The loans therefore affected men and women differently; according to the findings, there were more men who changed their forms of trade than women while there were more women who quit employment to start their own businesses after acquiring the loans. The effects were gauged using different livelihood measure such as sources of water, types of shelter, other physical assets and forms of trade/occupation. The loans improved water provision for both men and women but had greater impact on women than men. This can be attributed to gender roles in the local community with the role of fetching water being assigned to women. The status of men respondents (14.0%) in terms of house ownership still remained the same even after borrowing loans. However, there was increase in houses built by women to (84.1 %,). After borrowing, there was an increase in motor vehicle ownership by men respondents to (30.0%) as well as ownership by women respondents to (8.7%) from zero before borrowing. However the houses that women built sat on their husbands’ or fathers’ land in most cases. This gives a sense of insecurity for women. There was an increase of up to (58.0%) of men respondents in the purchase of motor cycles as well as women respondents increasing to (9.8%) from?; the study further revealed an up surge of women respondents on the purchase of bicycle to (37.7%) as compared to men respondents at (10.0%). After borrowing, there was high increase in the purchase of mobile phones by men respondents up to (62.0%) and a slight increase by women respondents as well to (31.1%), same to television sets to (38.0%) for men respondents and (21.3%) for women respondents respectively. The findings therefore imply that there was complete change of physical assets ownership after borrowing loans from Sidian banks indicating a positive effect.

CONCLUSION

In conclusion the study found out that there were both positive and negative effects of loans on livelihood improvement for both men and women. Men used their money differently from women. Women reported that they spent their loans on household basic improvement for example educating their children, buying clothes and food. Therefore the literacy level was raised. Others solved the problem of water by buying water tanks, water barrels or digging wells. They also bought donkeys to ease transportation of water and farm produce. This helped not only in provision of water in the households but also saved time for women to do other work. Women bought seeds for food crops such as maize, beans and cow peas.  This too improved the livelihood of households by providing food which is a basic need. There was improvement on housing but at different levels for men and women. There were mixed reactions on the effects of some men moving to urban areas after they acquired loans in order to set up their businesses. Some succeeded and supported their families and kept on saving, borrowing loans and repaying while others changed their lifestyles and deserted their families.

RECOMMENDATIONS

It is necessary for lending institutions, different government organs and other stake holders to work together to support borrowers especially women to overcome the obstacles they face which prevent them from achieving their goals.
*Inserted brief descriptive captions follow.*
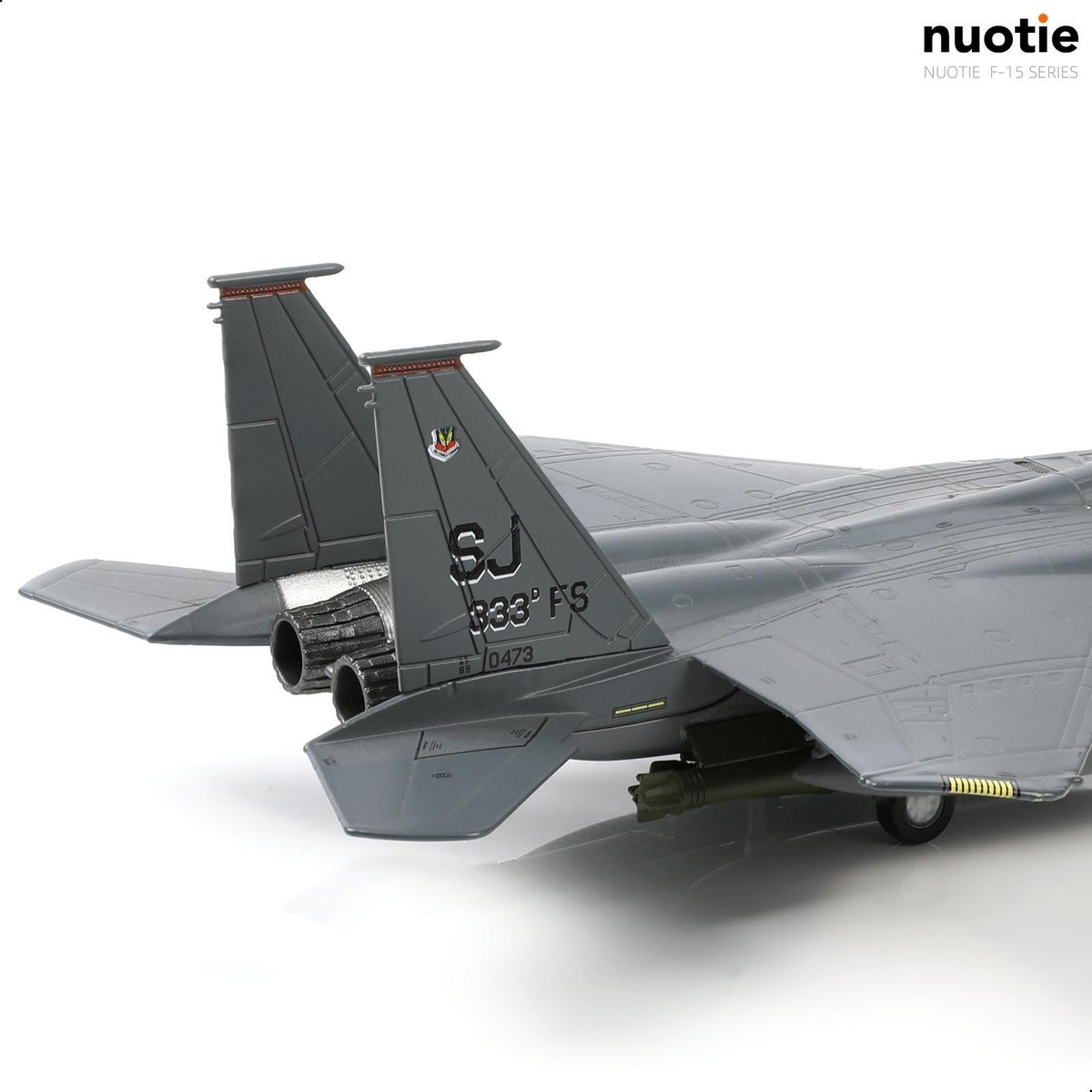 NUOTIE F-14 Tomcat Kit Avion 1/72 – 36 Pièces – Ailes Mobiles – Maquette Plastique – Cadeau Passionné D’Aviation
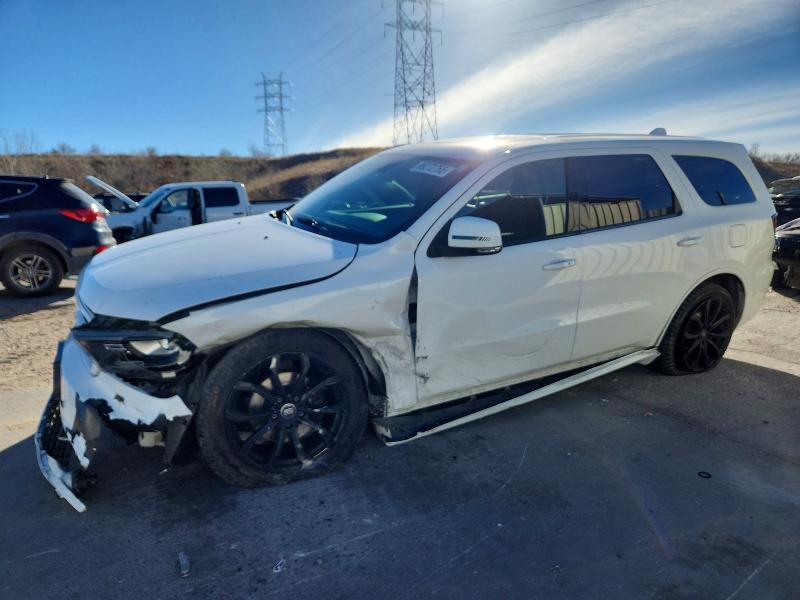 DODGE DURANGO 2017 with VIN 1C4RDJDG4HC828118 - Photo from auction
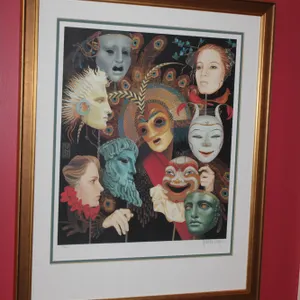 Heather Cooper "The Muses" Print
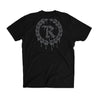 The Drip Drop Signature Tee [BLACK OUT] ZAC DYNES LIMITED COLLABORATION - Represent Ltd.™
There is need to carry out more qualitative studies on the implications of family responsibilities on women borrowers’ utilization. Such studies will have the potential of unearthing challenges that women borrowers face in financial management. Women are the majority of borrowers yet they are taken for granted.

The negative effect of gender based violence sometimes leading to family breakups due to poor utilisation of loans kept coming up. It is important to investigate this further and offer social support to families.